▶ [Brief] In the entries that follow, the lines from the line containing "Como Fazer Cordão" up to and including the line containing "2025 Nissan Frontier" must be copied exactly, with pictures omitted.

▶ [Input for this task]
- - -

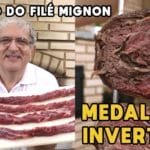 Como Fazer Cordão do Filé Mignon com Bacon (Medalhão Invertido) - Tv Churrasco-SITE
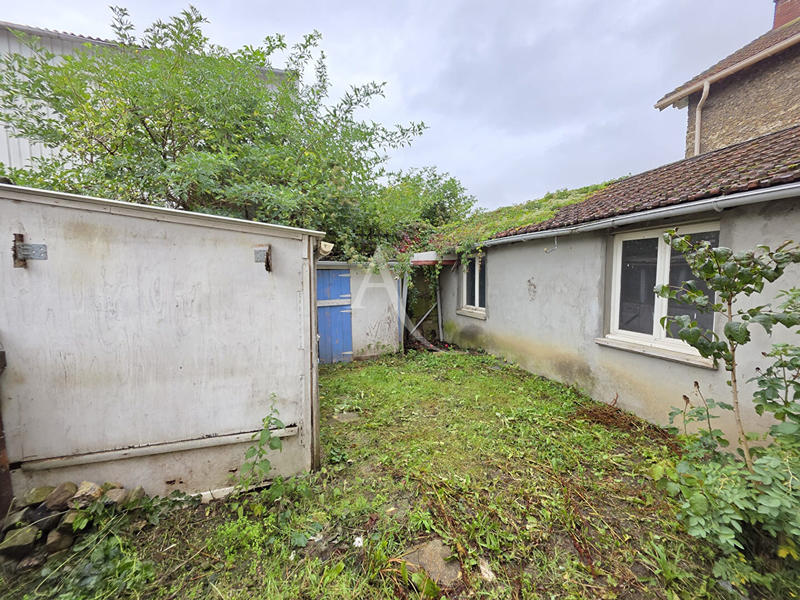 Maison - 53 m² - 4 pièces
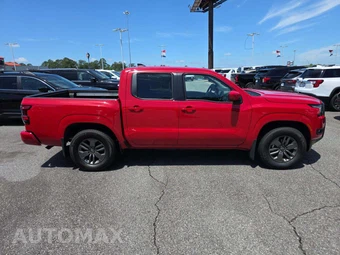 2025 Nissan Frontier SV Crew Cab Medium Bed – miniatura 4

- - -

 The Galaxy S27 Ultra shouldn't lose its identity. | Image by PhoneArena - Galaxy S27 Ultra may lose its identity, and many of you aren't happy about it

- - -

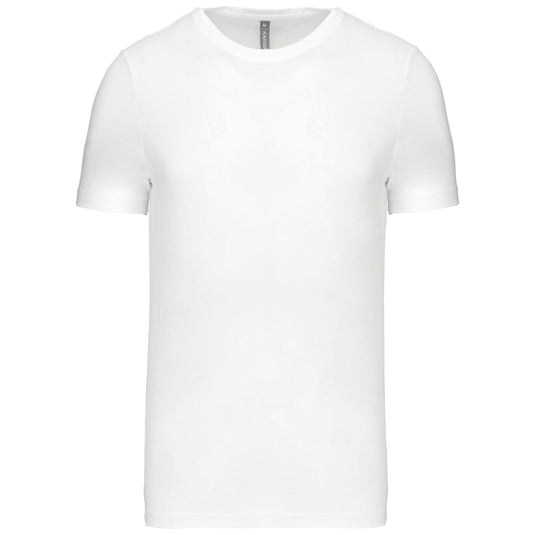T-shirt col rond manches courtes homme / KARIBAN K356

- - -

▶ [Output for this exercise]
 Como Fazer Cordão do Filé Mignon com Bacon (Medalhão Invertido) - Tv Churrasco-SITE
 Maison - 53 m² - 4 pièces
 2025 Nissan Frontier SV Crew Cab Medium Bed – miniatura 4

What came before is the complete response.